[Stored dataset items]
********************

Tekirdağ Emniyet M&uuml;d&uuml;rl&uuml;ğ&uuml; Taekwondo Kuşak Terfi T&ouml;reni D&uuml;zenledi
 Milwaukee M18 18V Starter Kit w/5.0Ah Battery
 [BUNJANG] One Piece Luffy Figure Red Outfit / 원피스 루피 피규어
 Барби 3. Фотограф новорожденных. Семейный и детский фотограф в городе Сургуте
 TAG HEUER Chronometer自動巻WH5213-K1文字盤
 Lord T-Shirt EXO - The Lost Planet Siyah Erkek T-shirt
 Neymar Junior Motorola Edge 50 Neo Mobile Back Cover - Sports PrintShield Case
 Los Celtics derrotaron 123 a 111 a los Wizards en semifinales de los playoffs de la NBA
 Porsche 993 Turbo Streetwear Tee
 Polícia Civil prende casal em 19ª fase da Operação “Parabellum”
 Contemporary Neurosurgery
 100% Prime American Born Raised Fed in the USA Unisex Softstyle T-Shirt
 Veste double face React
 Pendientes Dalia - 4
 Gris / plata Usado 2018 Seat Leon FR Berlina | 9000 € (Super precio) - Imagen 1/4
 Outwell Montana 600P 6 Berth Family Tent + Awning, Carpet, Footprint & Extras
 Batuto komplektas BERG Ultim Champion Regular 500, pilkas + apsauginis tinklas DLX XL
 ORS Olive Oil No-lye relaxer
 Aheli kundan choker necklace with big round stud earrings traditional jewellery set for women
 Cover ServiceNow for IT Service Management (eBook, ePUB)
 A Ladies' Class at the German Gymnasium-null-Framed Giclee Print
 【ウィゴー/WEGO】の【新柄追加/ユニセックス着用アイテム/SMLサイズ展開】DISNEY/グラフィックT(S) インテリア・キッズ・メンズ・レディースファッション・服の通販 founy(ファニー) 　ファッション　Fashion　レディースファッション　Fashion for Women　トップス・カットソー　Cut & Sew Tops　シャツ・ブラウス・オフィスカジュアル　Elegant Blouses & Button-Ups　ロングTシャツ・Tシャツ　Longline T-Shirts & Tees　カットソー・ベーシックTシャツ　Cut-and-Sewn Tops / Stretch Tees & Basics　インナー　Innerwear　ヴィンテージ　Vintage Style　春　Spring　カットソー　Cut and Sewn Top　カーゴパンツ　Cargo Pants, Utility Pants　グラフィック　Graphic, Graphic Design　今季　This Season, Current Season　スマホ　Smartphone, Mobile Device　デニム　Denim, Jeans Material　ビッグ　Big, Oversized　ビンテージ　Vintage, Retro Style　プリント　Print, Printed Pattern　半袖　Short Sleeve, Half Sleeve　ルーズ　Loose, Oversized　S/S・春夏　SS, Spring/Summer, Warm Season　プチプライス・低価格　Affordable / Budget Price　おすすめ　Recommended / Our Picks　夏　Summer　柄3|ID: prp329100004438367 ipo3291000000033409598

********************

■ The task
Set down the lines of the records exactly, from the first one through the line containing "[BUNJANG] One Piece", and add nothing else.

■ Answer below
Tekirdağ Emniyet M&uuml;d&uuml;rl&uuml;ğ&uuml; Taekwondo Kuşak Terfi T&ouml;reni D&uuml;zenledi
 Milwaukee M18 18V Starter Kit w/5.0Ah Battery
 [BUNJANG] One Piece Luffy Figure Red Outfit / 원피스 루피 피규어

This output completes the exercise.